In Italy, smoking cessation experts trained HIV doctors at ten hospitals in Italy to deliver the 5A’s intervention, which involves clinicians asking about smoking, advising smokers of the benefit of stopping, assessing motivation to quit (using the stages of change model), assisting smokers in their quit attempt and arranging follow-up with stop smoking services. They were encouraged to offer this support at multiple clinic visits and outcomes were assessed after two years.

Glossary

referral

A healthcare professional’s recommendation that a person sees another medical specialist or service.

morbidity

Illness.

Of 1087 patients seen, 561 were smokers. Two years later, 41 of the 561 (7.3%) had successfully quit smoking for at least six months.

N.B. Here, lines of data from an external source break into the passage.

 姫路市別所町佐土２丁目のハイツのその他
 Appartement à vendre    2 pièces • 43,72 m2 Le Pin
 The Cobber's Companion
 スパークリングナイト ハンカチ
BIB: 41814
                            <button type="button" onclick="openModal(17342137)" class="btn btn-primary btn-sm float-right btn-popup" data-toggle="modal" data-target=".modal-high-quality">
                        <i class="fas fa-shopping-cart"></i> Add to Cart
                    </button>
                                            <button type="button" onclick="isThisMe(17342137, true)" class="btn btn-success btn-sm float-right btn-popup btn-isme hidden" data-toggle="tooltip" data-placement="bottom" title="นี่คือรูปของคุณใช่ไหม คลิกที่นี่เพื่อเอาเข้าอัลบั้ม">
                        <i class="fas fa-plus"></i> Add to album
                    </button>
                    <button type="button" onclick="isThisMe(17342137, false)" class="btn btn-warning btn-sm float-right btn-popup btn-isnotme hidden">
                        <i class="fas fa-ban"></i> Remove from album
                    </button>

Quit rates were higher amongst patients who were assessed as being more ready for behaviour change (in the ‘preparation’ or ‘contemplation’ stages) than others. They were also higher (10.8%) in people attending the four clinics which said they did repeat discussions about smoking at multiple appointments. The intervention was only partially implemented by the other six clinics, because of time constraints and a perceived lack of interest from patients.

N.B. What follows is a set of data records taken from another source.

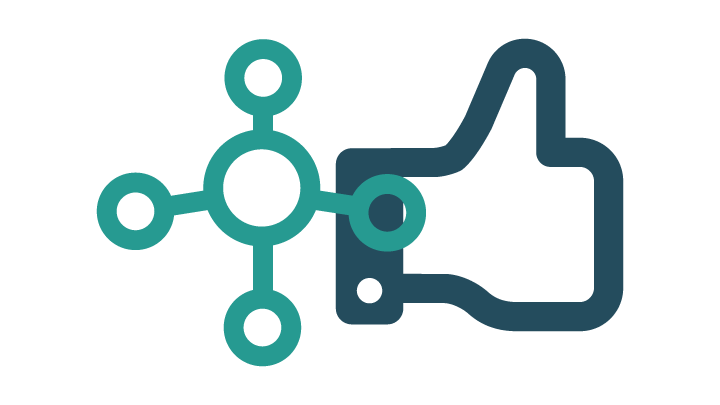 Your next step in connected lighting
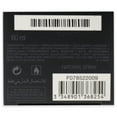 thumbnail image 6 of Christian Dior Sauvage , 2 oz EDP Spray, 6 of 6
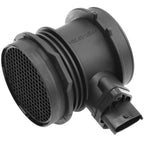 Mass Air Flow Sensor for Kia Sorento, Hyundai Santa Fe (2003–2006)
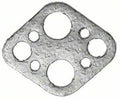 EGR Valve Gasket  Mahle Original  G32894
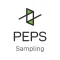 PEPS Sampling
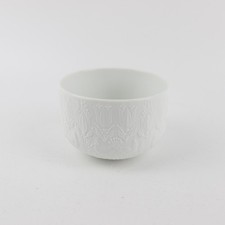 ROSENTHAL Porzellan Schale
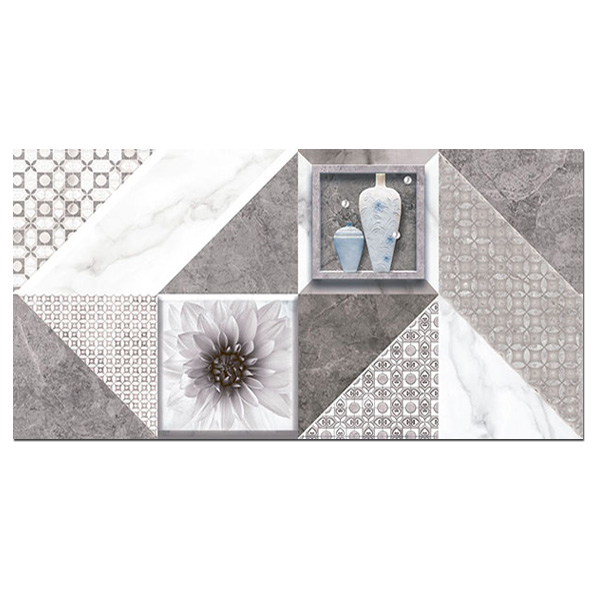 gach-viglacera-sh-ce3604a Gach op tuong Viglacera SH-CE3604A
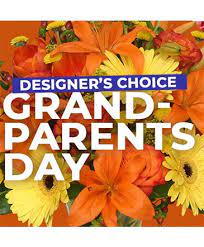 Please help us achieve our goals by sending us your contact. Saginaw Florist Saginaw Mi Flower Shop Flowers By Roman Ltd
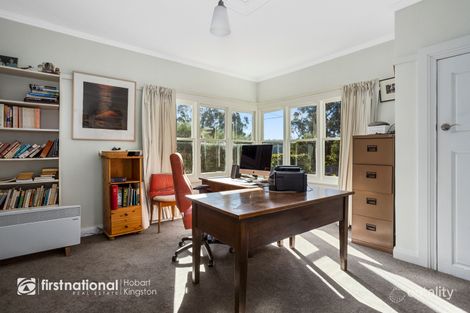 Property photo of 3412 Channel Highway Woodbridge TAS 7162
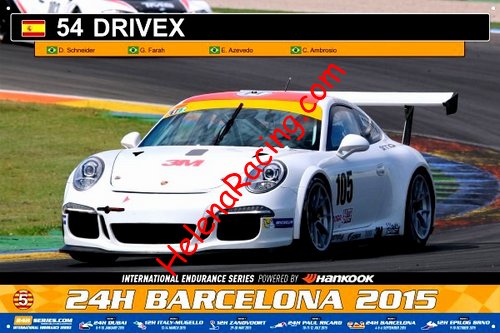 Card 2015 Barcelona 24 hours (NS).jpg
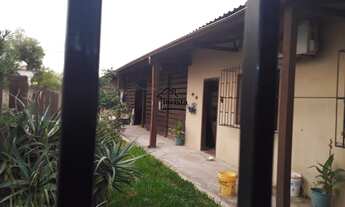 Imagem: Casa com 3 Dormitorio(s) localizado(a) no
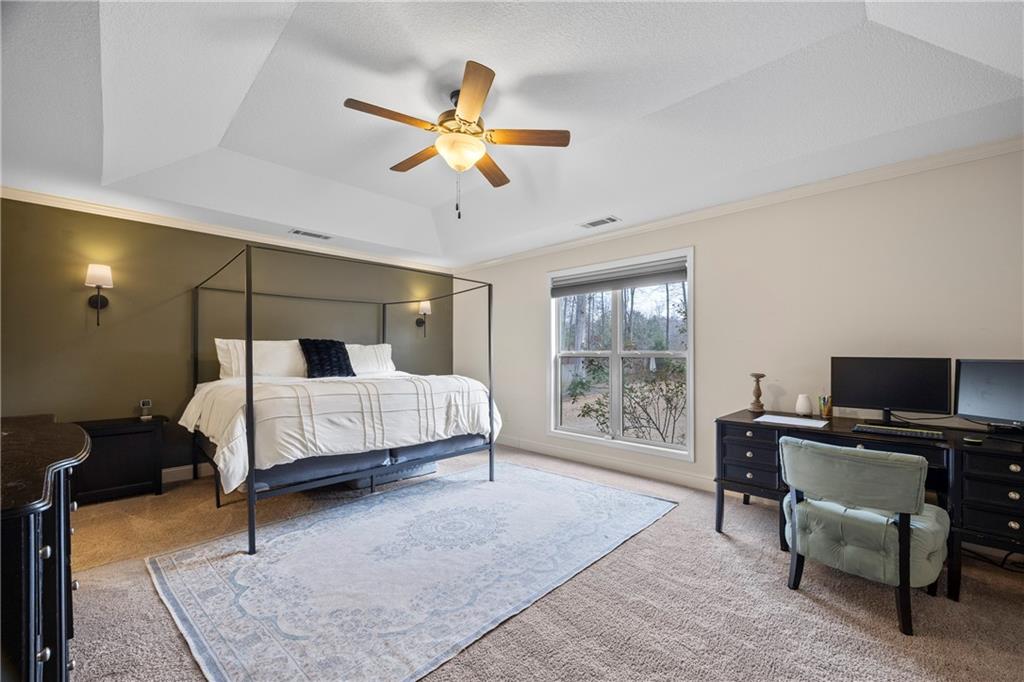 370 Petal Creek Lane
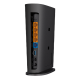 Router Wireless TP-Link Archer AX80 AX6000 Dual-Band Wi-Fi 6 Port 2.5G ArcherAX80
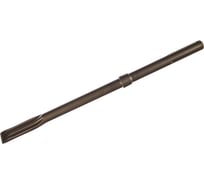 Долото зубило SDS-max (25х400 мм) Bosch 2.608.690.124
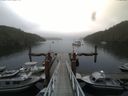 ./images/calvert/dock/20140805/dock20140805_092502.jpg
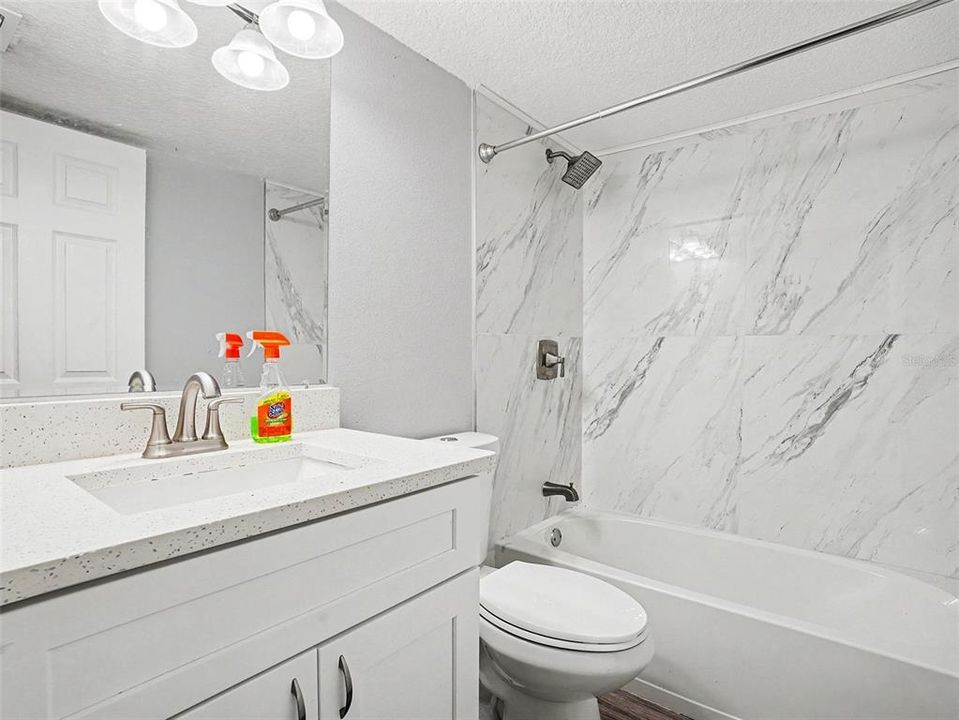 En Venta: $200,000 (3 camas, 2 baños, 1143 Pies cuadrados)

Of note, only 22 patients were given nicotine replacement therapy, medications such as varenicline (Champix) or e-cigarettes. This means the results mostly reflect the impact of counselling on its own, without pharmacological support. Also, three clinics were unable to refer patients to a specialist stop smoking service. Four could refer to a service in their hospital and three to a service in the same city, but none had this available within their own clinic.

In London, smoking cessation experts trained three healthcare assistants (nursing assistants) at the HIV clinic of the Royal Free Hospital to provide brief advice, as recommended by UK guidelines. The approach is broadly similar to the 5As, but with a greater emphasis on referral to a stop smoking service in the patient’s local area. As well as information and advice, these services can prescribe nicotine replacement therapy and other medications.

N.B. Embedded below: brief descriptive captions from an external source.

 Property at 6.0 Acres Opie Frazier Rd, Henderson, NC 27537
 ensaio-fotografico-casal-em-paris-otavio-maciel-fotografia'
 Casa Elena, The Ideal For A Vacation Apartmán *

"4% of all identified smokers quit."

Of 1548 patients who were asked about smoking, 385 were smokers. Almost all were offered a referral to a stop smoking service, but only 154 accepted the referral. Follow-up with the stop smoking services three months later showed that 36 patients did attend the service, 78 did not and attendance was unknown for 40 patients. Of the 36 who did attend, 16 were recorded as having quit smoking (the duration of the quit was not reported). This means that 4% of all identified smokers quit.

Nonetheless, an economic analysis was more encouraging. Costs were modest due to the low pay grade of the staff involved and the brevity of the intervention. The estimated costs were £5.22 (GBP) for each smoker identified and £55.77 for each individual who attended stop smoking services. 

The authors suggest that having a stop smoking service within the HIV clinic might remove a barrier. “If the risk of smoking-related morbidity among people living with HIV is to be reduced, more sustainable referral pathways and ways of improving uptake of smoking cessation services must be developed,” they say.

References

De Socio GV et al. Is it feasible to impact on smoking habits in HIV-Infected patients? Mission impossible from the STOPSHIV Project cohort. Journal of Acquired Immune Deficiency Syndromes, online ahead of print, January 2020.

doi: 10.1097/QAI.0000000000002284

Brown J et al. Systematic identification and referral of smokers attending HIV ambulatory care highlights the failure of current service provision in an at-risk population. BMJ Open Respiratory Research 6:e000395, October 2019 (open access).